Comme on reprendra l’œil brillant le Qui c’est les plus forts qu’on ne raterait pour rien au monde dimanche vers 20h40, on a aimé cet extrait de passion brute, cet instant vrai, ce discours suintant l’amour des uns et la haine des autres, l’espoir du sursaut et la peur du vide, la vie quoi.

Ces appels à la mobilisation n’existaient pas il y a encore vingt ans, mais semblent devenus presque routiniers aujourd’hui. L’entraînement de samedi ouvert au public en sera la prochaine spectaculaire manifestation. De quoi offrir à nos cœurs meurtris la démonstration consolatrice de l’éternelle exception culturelle verte. De quoi faire encore plus - si c’est possible - monter l’adrénaline en flattant notre fierté de supporters, avant que le stress envahisse tout.

Et les joueurs ? Ceux à qui étaient destinés ces mots, qui, pendant 1 minute 30 ont écouté, l’air grave, cet appel à tout donner, à tout renverser ? Ont-ils trouvé ça beau, utile ou pénible ? Se sont-ils sentis galvanisés ou infantilisés ? Ont-ils mesuré leur chance de connaître cela ? Se sont-ils soudain sentis tout petits dans ce si grand maillot ? Se sont ils demandé s’ils devaient applaudir, étaient-ils soulagés de ne pas se faire engueuleur ? Avaient-ils simplement hâte de filer à la douche ?

Et l’excitation retombée, à froid dans les vestiaires ont-ils partagé leurs impressions, se sont-ils promis les uns aux autres de se préparer comme jamais ? Plus tard, une fois rentrés chez eux, ont-ils prévenu leur petite famille qu'il ne fallait pas les empêcher de dormir d'ici dimanche ?

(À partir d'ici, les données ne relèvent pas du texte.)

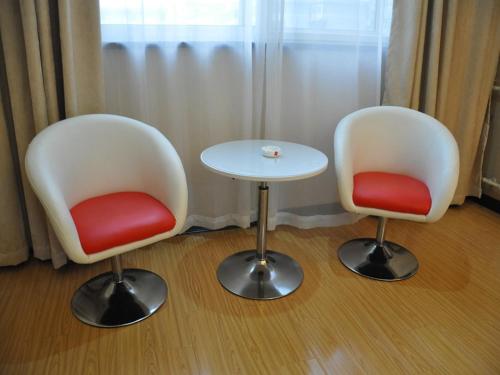 two chairs and a table in a room at JUN Hotels Henan Luoyang Xigong District Central Bus Station in Luoyang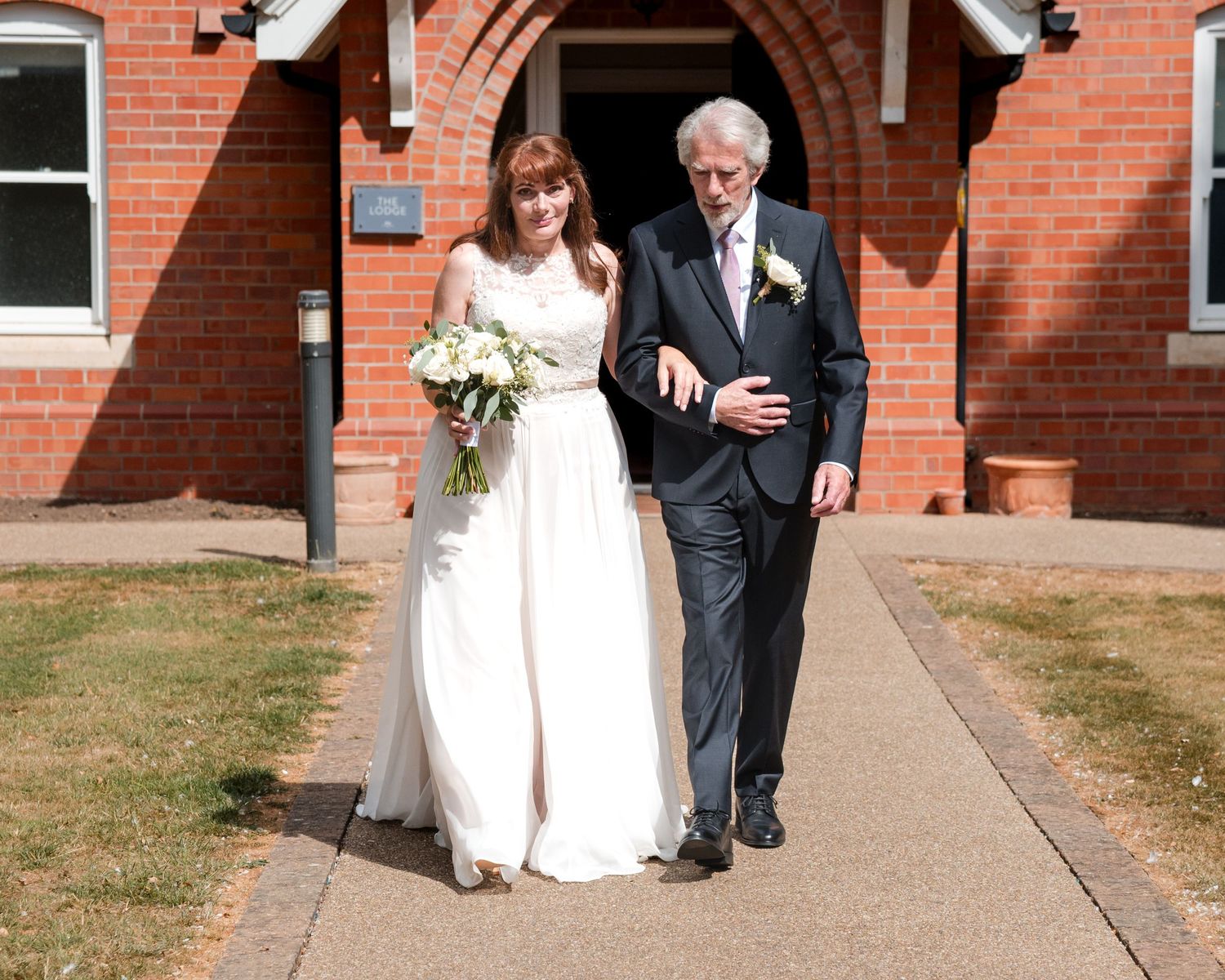 Bride in white gown walks with older gentleman in dark suit outside red brick church on sunny wedding day.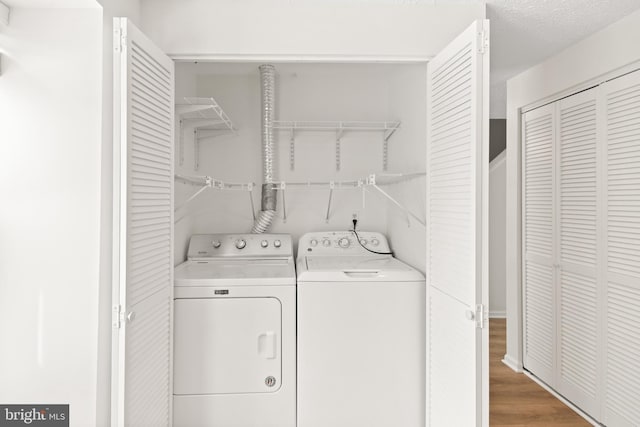 clothes washing area featuring hardwood / wood-style floors, washer and dryer, and a textured ceiling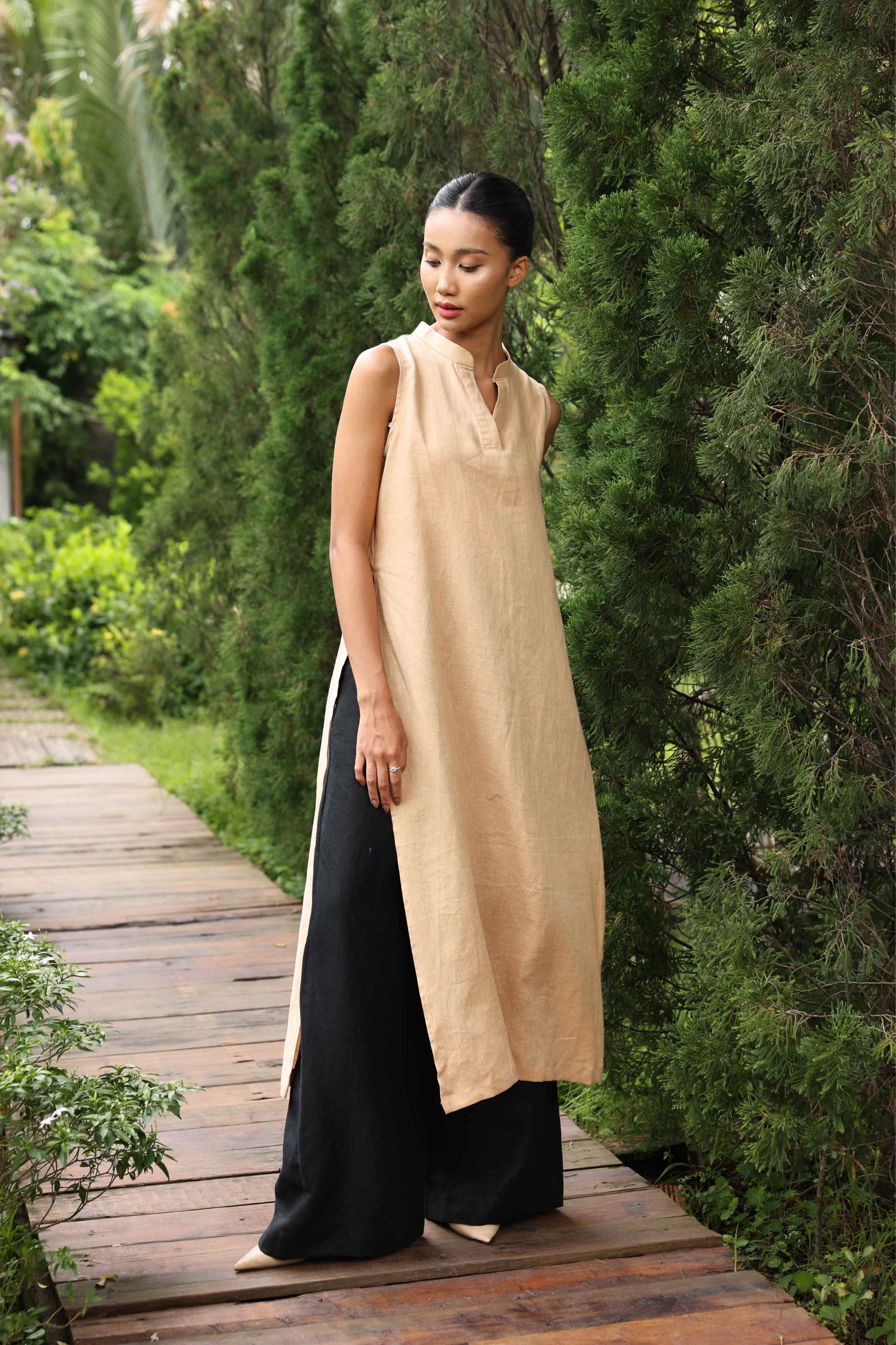 Woman wearing a beige and black dress standing on a wooden path in a garden.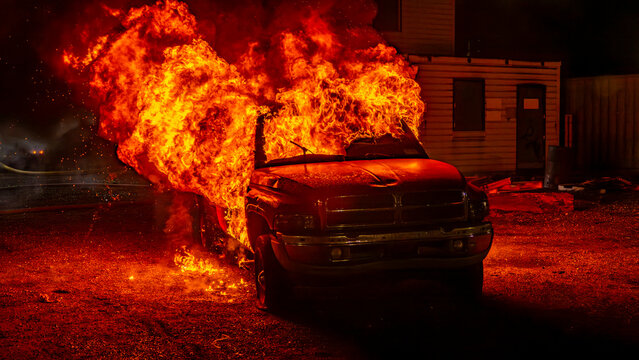 Flames rise from a truck in a training session for firefighters. Emergency responders work at night to manage the situation. Smoke billows as they practice fire control techniques.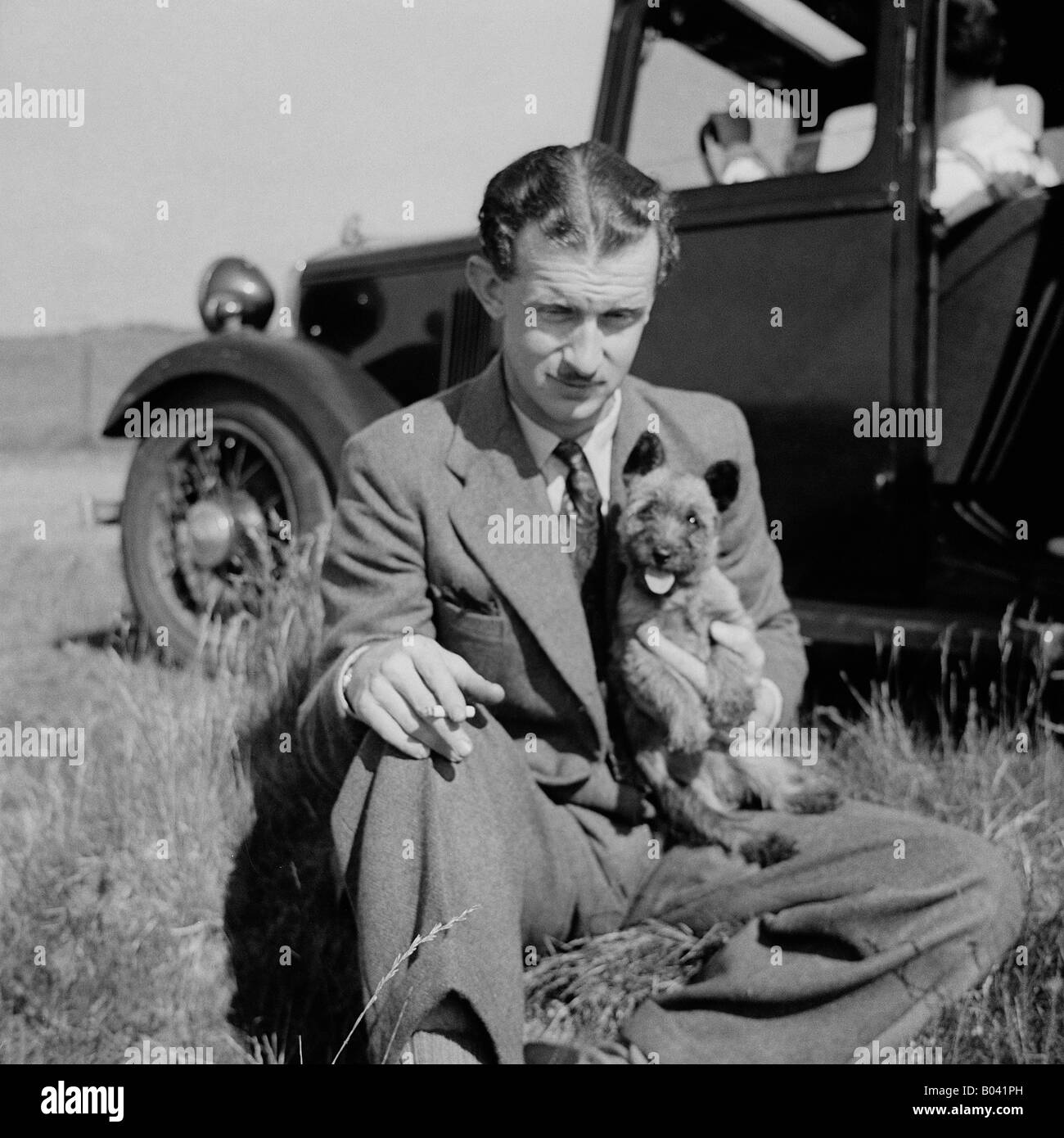 Vecchio vintage snapshot dell uomo seduto nel campo Azienda piccolo cane CON AUTO D'EPOCA IN BACKGROUND Foto Stock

Au fond qu’ont-ils vraiment appris qu’ils ignoraient ? Que ce match compte plus que tout ? Même un Old venu des antipodes le sait certainement. Chacun a conscience de l’enjeu sportif, au-delà de la rivalité. A la pression du maintien s’ajoute celle du derby, et il faut espérer que ce discours comme l’entraînement de samedi produiront les effets espérés.

Dans un autre contexte, avec d’autres profils de joueurs et un déséquilibre sportif moins net, Galette, il y a une dizaine d’années, avait magnifiquement renversé la hiérarchie du derby, choisissant d’alléger les têtes avant ce match, en le préparant comme un autre. L’option de ne pas en faire des tonnes, de ne pas en rajouter quand l’évidence de l’enjeu est déjà écrasante lui avait mine de rien permis d’offrir 5 fois l’ivresse d’une victoire au peuple vert éternellement reconnaissant.

Horneland s’en inspirera-t-il ? Où suivra-t-il les MF et leur discours de passion et de rage mêlées ?

Personne ne sait quelle sera l’issue du match, personne ne sait ce qu’aura pesé ce discours dans le verdict final.

Alors ce discours, nous supporters, apprécions le pour ce qu’il est : un appel au dépassement de soi, un appel au combat de la volonté contre le doute, de la furie contre la fébrilité, de la passion du plus beau contre la raison du plus fort, de la vie contre la mort. Car il en reste un peu, de la vie même quand on pense qu’elle s’est définitivement fait la malle.

Abattu en revenant des Corons comme je l’étais en sortant du Chaudron le soir du nul contre Rodez en mai dernier, je me raccroche à l’idée folle que cette équipe est déjà revenue d’entre les morts. C’était déjà un dimanche, un soir de destin sur un fil, de septième ciel ou de purgatoire, et les Verts avaient su forcer la porte, s’arracher à la malédiction, s’offrir des pleurs de joie et des cris de délivrance pour les plus beaux souvenirs d’une vie de footeux. Larso, Nadé, Appiah, Pétrot, Tardieu, Moueffek en parleront à leurs petits-enfants.

Dimanche ils auront l’occasion après le doigt d’Ibra pointé vers le ciel d’ajouter à leur récit de Père Castor un « et je t’ai raconté le derby du maintien ?».